In terms of what FIGS needs in a CFO, there's simply no one better positioned than Daniella. Her deep knowledge and passion for the brand, combined with our deeply analytical and data-driven approach is what helped FIGS go from less than $55 million in revenue when she joined to over $400 million today. We are so excited to have her as our CFO, and I have no doubt she will continue to lead us forward in delivering on our long-term targets and growth ambitions. Daniella?

Daniella Turenshine -- Chief Financial Officer

Thank you, Trina, and good afternoon, everyone. I want to first say thank you to Heather, Trina and the board for the opportunity to serve as FIGS chief financial officer. It has been an honor to help grow and scale this inspirational brand over the last several years, and I could not be more excited to continue to serve our community of awesome humans in my new role. FIGS' full year financial results exceeded our expectations, driven by continued robust demand for the brand across both new and repeat customers, the strength of our lifestyle expansion across categories and strong holiday sales.

We delivered an outstanding Black Friday/Cyber Monday week that grew 54% year over year, on top of an incredibly strong 2020 season, while concurrently being less promotional. Looking at Q4, we successfully executed against our pricing strategy, selling more product at full price with almost no impact to our demand. This strategy resulted in almost 300 basis points of discount rate improvement year over year and was a big contributor to our exceptional growth and profitability for the quarter. And as a result of the strong demand that we saw, our net revenues for the quarter exceeded our previous guidance by $10 million.

Now, let's dive into the financial results. Net revenues for Q4 were up 42.7% to $128.7 million compared to Q4 last year. Our performance was driven primarily by strong order growth from both new and existing customers. We acquired more new customers in Q4 than ever before, growing our active customer base to almost $1.9 million.

And despite the exceptional growth in new customers, almost 70% of our revenues in the quarter were still from repeat customers. Net revenues also benefited from a 15% increase in average order value to $113 in the quarter compared to $98 in Q4 2020. We drove record lifestyle adoption, partly driven by expanding the breadth of our outerwear offerings, including our new sweater knits and puffer jackets. This strategy helped drive higher AOV in the quarter through higher price points and increased units per transaction as customers wanted to complete the full layering system.
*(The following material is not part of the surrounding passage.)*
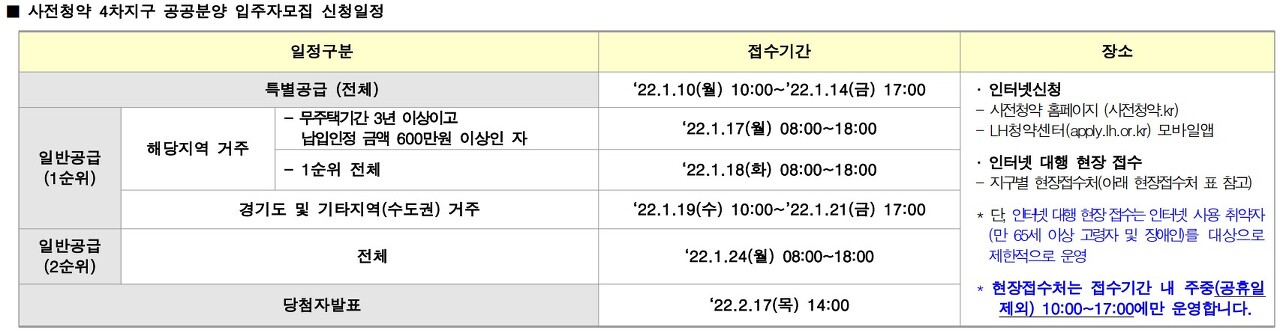  3기신도시 사전청약단지 - 남양주왕숙지구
Perhaps more importantly, it provides a clear indicator of the greater demand for our brand beyond our core scrubwear and our ability to further grow our existing categories by building depth within our collections. Finally, in addition to the improvement in AOV for both the quarter and full year, net revenues per active customer increased to $224 in Q4, up $22 or over 11% year over year. This is an important metric that we are focused on because it shows us how much our customers are spending with us not just in one transaction, but over the course of an entire year. And as that number continues to grow, it means our customers are more engaged and spending more with us over time.

Gross margin for Q4 decreased 110 basis points to 69.9% compared to Q4 2020. This change was primarily due to higher use of airfreight as well as higher freight rates, offset in part by better product costing. Gross margin was considerably better than expected, primarily due to our strategic decision to reduce discounts during the quarter. As a result, we were able to use this pricing power to help offset our elevated airfreight spend.
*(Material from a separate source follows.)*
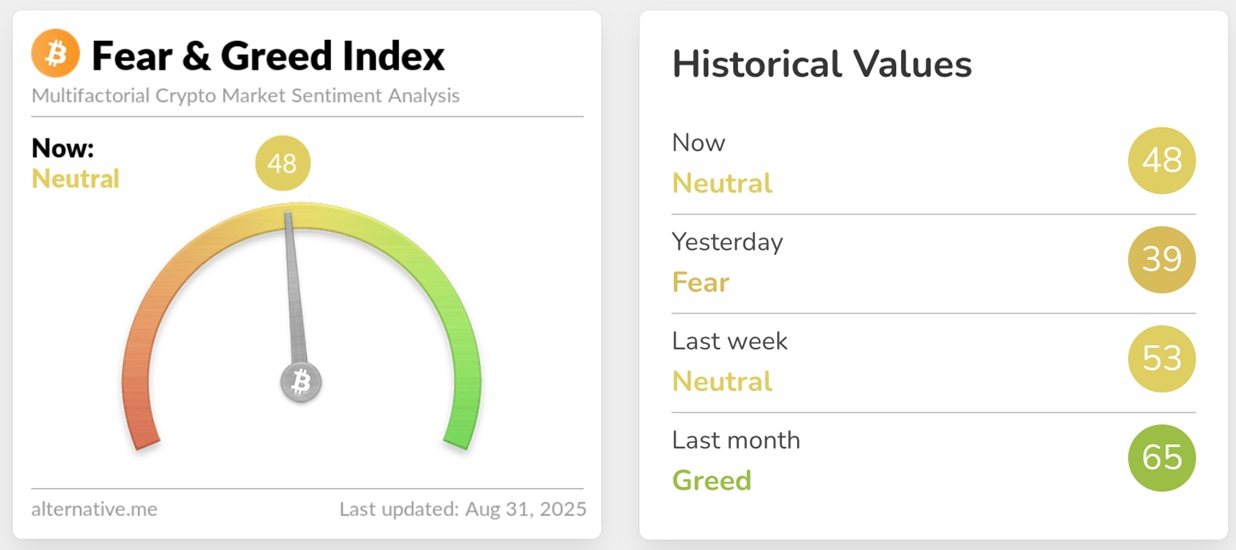 Bitcoin fear and greed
Additionally, while airfreight expenditures were still elevated compared to the prior year, our actual spend came in much lower than expected, approximately $6 million in the quarter versus our previous expectation of $8 million to $10 million. Moving to operating expenses. Selling expense for Q4 was $25.6 million, representing 19.9% of net revenues compared to 20.2% in Q4 2020. We experienced increases in shipping rates from our carriers and higher fulfillment expenses in the quarter.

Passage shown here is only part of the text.